Uniform asymptotics of paraxial boundary diffraction waves.

Starting from the paraxial formulation of the boundary-diffracted-wave theory proposed by Hannay [J. Mod. Opt. 47, 121-124 (2000)] and exploiting its intrinsic geometrical character, we rediscover some classical results of Fresnel diffraction theory, valid for "large" hard-edge apertures, within a somewhat unorthodox perspective. In this way, a geometrical interpretation of the Schwarzchild uniform asymptotics of the paraxially diffracted wavefield by circular apertures [K. Schwarzschild, Sitzb. München Akad. Wiss. Math.-Phys.
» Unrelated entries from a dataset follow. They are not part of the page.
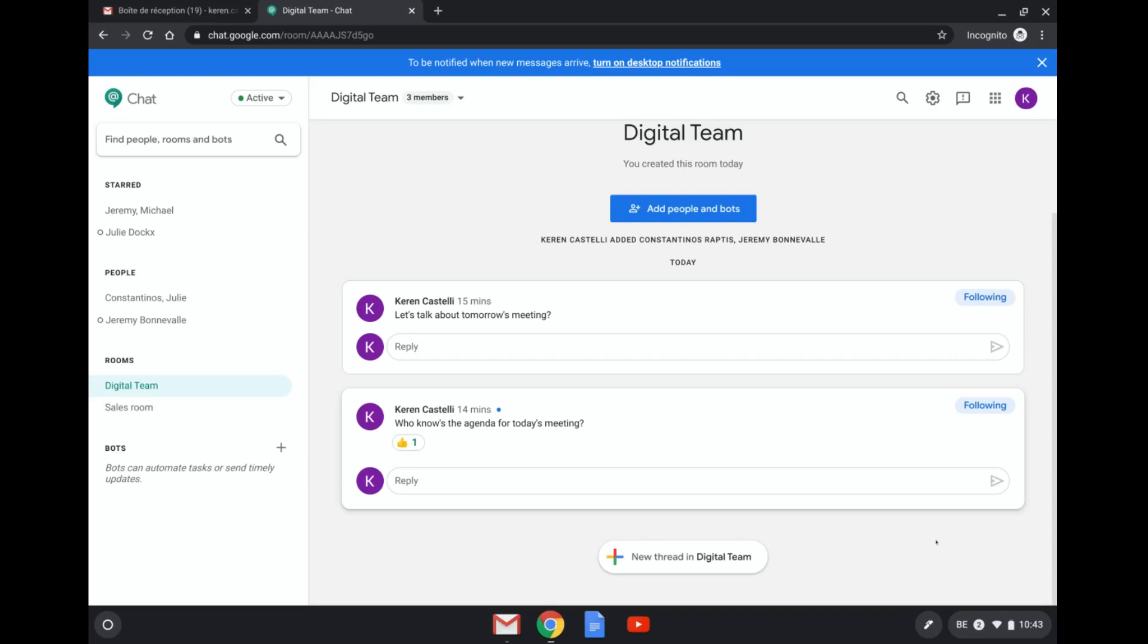Hi and welcome to this video. In this video I'll be showing you how to use bots in Google Chat. Now what is a bot?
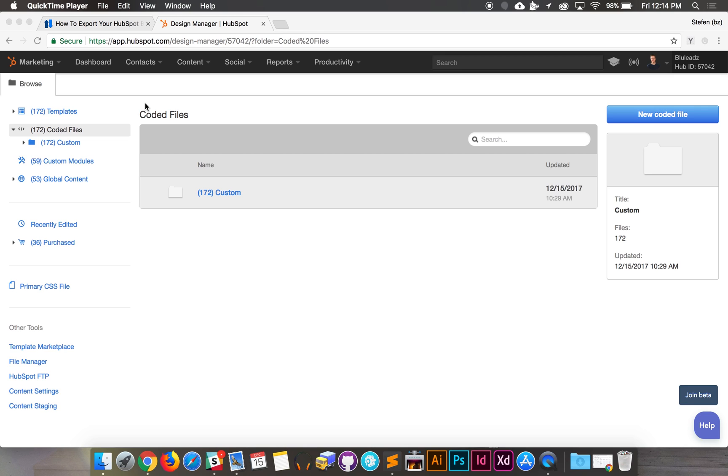Hey guys, Stefan here. Today I'm going to show you how to export your blog including the content.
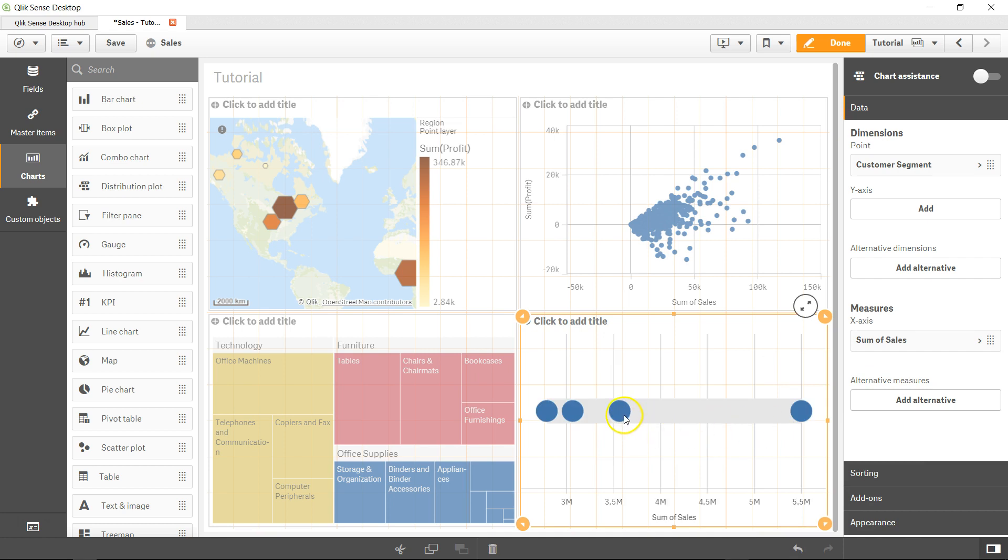Now you can see there are four points showing a range - the entire range of sales for these four customer segments.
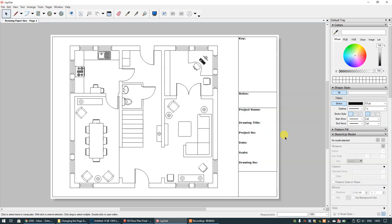In today's video tutorial I'm going to show you how to change the paper size of your layout document after you have sent your floor plan to layout.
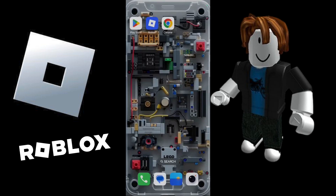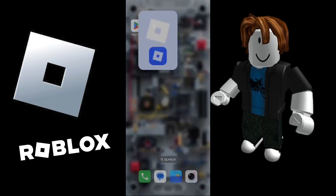Hey guys, welcome to this tutorial. In this tutorial I'll be guiding you through the steps on how you can switch between dark mode and light mode in your Roblox application. In order to start, the first thing I'm going to do is simply launch the Roblox application by tapping onto the app icon.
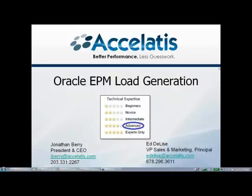This is Jonathan Berry from Excelsis. Thank you for joining our webinar on Oracle EPM load generation. We'll get started now.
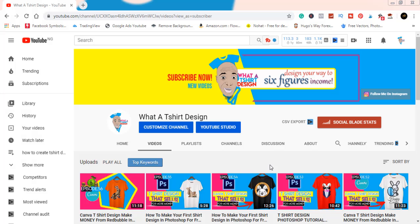Hello, hello! I did it, you will do it. Let's make this money together. My name is David Isamuji, I'm the owner and founder of What A T-Shirt Design. If you're just joining me for the first time, thank you. If you're my subscriber, I really appreciate you.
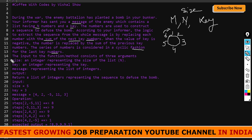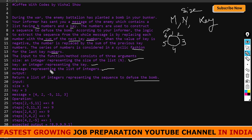The function takes three arguments: size (N), key, and the message representing the list of integers. The output returns a list of integers representing the sequence to diffuse the bomb. As an example: size is 5, key is 3, and the message array is [4, 2, -5, 11, 3]. I'll explain the steps to calculate and find the sequence.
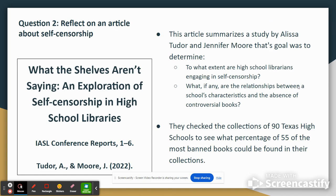Question two asked us to reflect on an article about self-censorship. The article that I found was 'What the Shelves Aren't Saying: An Exploration of Self-Censorship in High School Libraries.' This article summarized a study by Alyssa Tudor and Jennifer Moore whose goal was to determine to what extent high school librarians are engaging in self-censorship, and what, if any, are the relationships between a school's characteristics and the absence of controversial books. They looked at 90 Texas schools to see what percentage of 55 of the most banned books could be found in their collections, and what they found is that smaller schools tended to have fewer of those books, so they concluded that there was a possibility of self-censorship going on there.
Kl. 28, 271-294 (1898)] is given and later generalized to deal with arbitrarily shaped apertures with smooth boundaries. A quantitative exploration is then carried out, with the language of catastrophe optics, about the diffraction patterns produced within the geometrical shadow by opaque elliptic disks under plane wave illumination. In particular, the role of the ellipse's evolute as a geometrical caustic of the diffraction pattern is emphasized through an intuitive interpretation of the underlying saddle coalescing mechanism, obtained by suitably visualizing the saddle topology changes induced by letting the observation point move along the ellipse's major axis.